▶ **Data records**:
<<<<

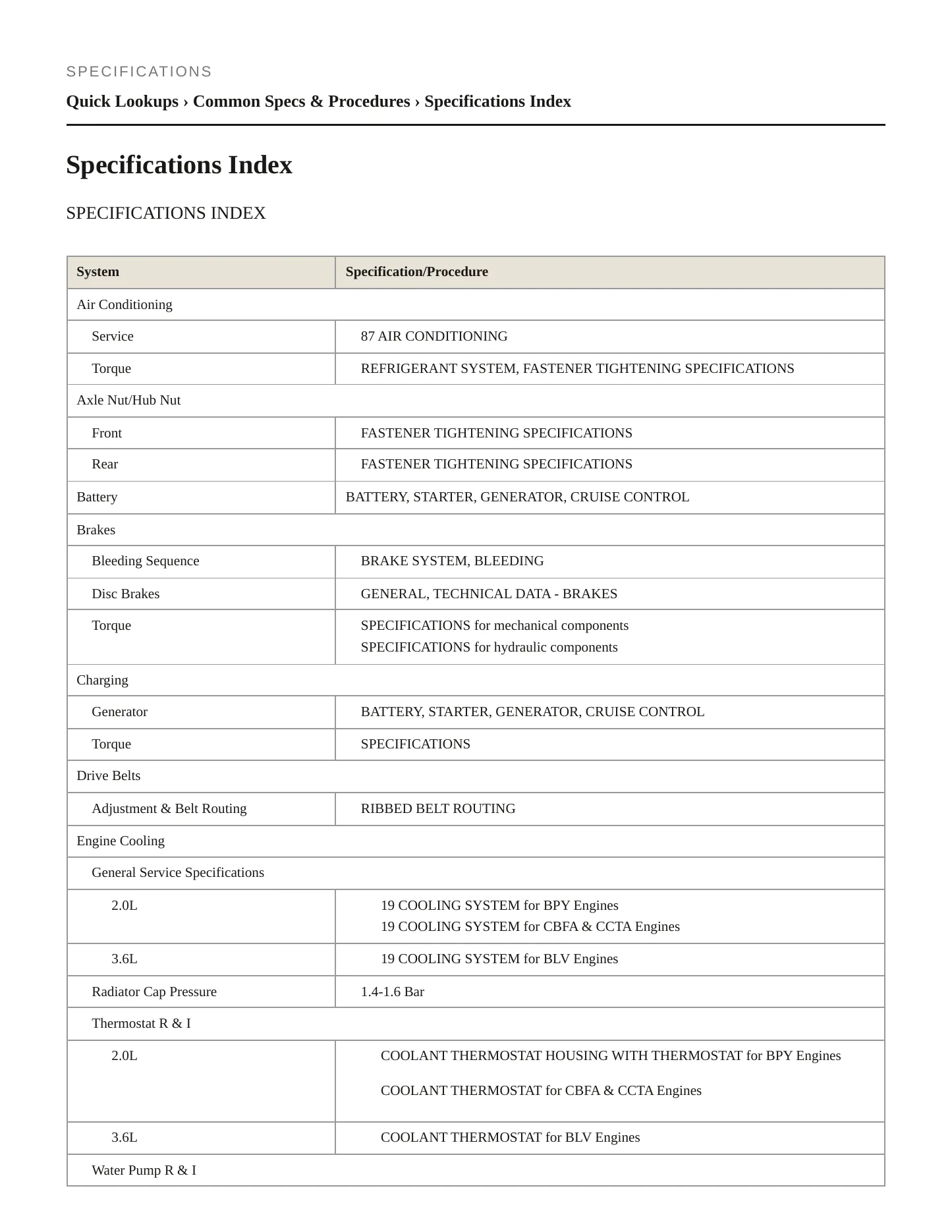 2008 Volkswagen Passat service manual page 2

>>>>
<<<<

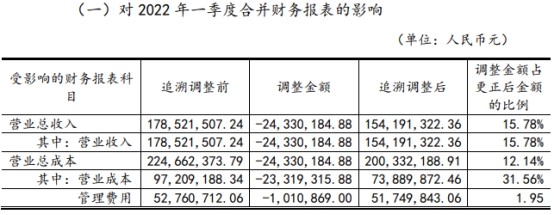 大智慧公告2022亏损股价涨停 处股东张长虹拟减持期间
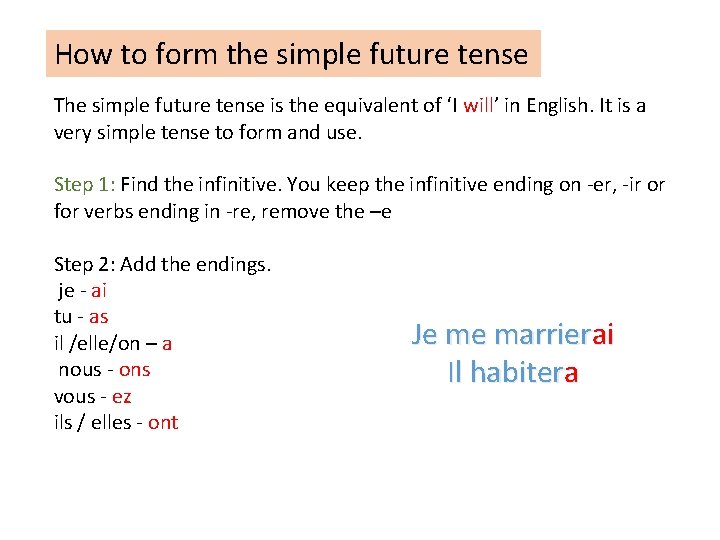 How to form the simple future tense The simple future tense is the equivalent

>>>>
<<<<

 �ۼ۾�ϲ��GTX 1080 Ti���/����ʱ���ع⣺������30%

>>>>

The material above holds pictures; leave them out. Repeat exactly the lines from the one containing "大智慧公告2022亏损股价涨停 处股东张长虹拟减持期间" through the one containing "How to form", and nothing else.

▶ **Your response**:
 大智慧公告2022亏损股价涨停 处股东张长虹拟减持期间
 How to form the simple future tense The simple future tense is the equivalent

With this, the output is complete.